Más allá del abismo del mal
Entre todos los misterios que tejen la vida humana, el mal es un abismo en el que nos sentimos ahogar. Más aún cuando ese mal tiene que ver directamente con la decisión, libre o enloquecida, de una persona que estaba cerca, con un rostro y una historia que presumíamos conocer. Durante más de cuatro años la desaparición de Manuela Chavero ha permanecido como un enigma sin solución, tiempo suficiente para desalentar a cualquiera. Sólo la llama encendida de la espera en sus familiares, y la firme determinación de los investigadores de la Guardia Civil han soportado semejante periodo sin derrumbarse.
Hace pocas horas esa perseverancia encontró fruto, aunque sea tan amargo.

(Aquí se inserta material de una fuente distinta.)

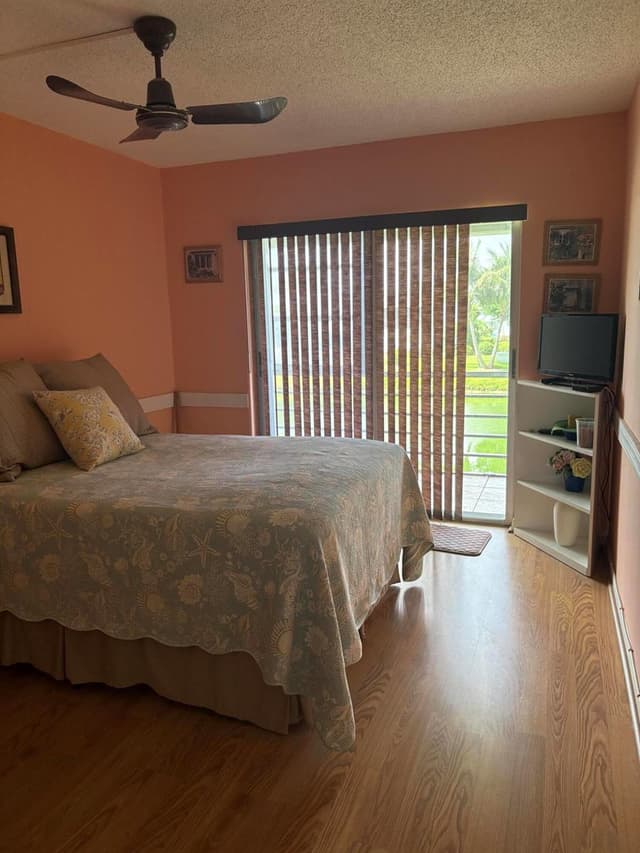 25 Kent B, West Palm Beach FL 33417 - West Palm Beach, FL - Photo 4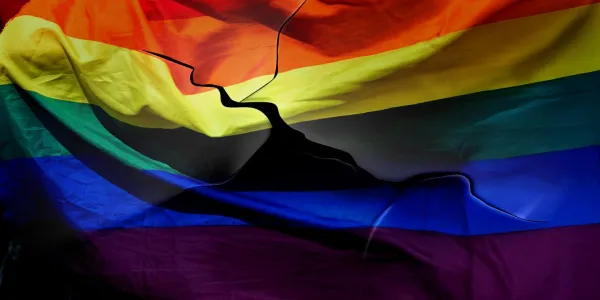 ตำรวจอินโดนีเซียทลายปาร์ตี้เกย์ แนวโน้มทางการใช้ กม. ลิดรอนพื้นที่ชุมชน LGBTQ+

Un vecino de Manuela, en la localidad pacense de Monesterio, ha sido detenido y ha confesado que la mató, sin que por el momento se conozcan muchos más detalles. El testimonio desgarrador de su hermana Emilia refleja el sinsentido y la náusea que este descubrimiento provoca. El asesino se cruzaba con ellas cada día, no era un desconocido, y a pesar de la fría coraza tras la que ha sabido parapetarse estos cuatro años, Emilia cuenta que, cuando se encontraban, bajaba la cabeza, quizá como un fugaz rastro de vergüenza.
La justicia humana, con sus pesos y medidas, con sus aproximaciones e imperfecciones, es estrictamente necesaria para la convivencia. Y sin embargo, en casos como este caemos en la cuenta de hasta qué punto es insuficiente para reparar y reconstruir el daño causado. Conoceremos más sobre este caso cuando los investigadores vayan devanando la madeja del crimen. Y probablemente nuestra estupefacción crecerá. La familia de Manuela necesita la verdad que la investigación ofrezca, pero necesita mucho más. Una justicia que no puede ser sólo la de este mundo. Necesita una compañía humana que le abra a un misterio más profundo y más definitivo que el del mal. Como decía un filósofo ateo, Theodor Adorno, la única justicia sería la de la resurrección.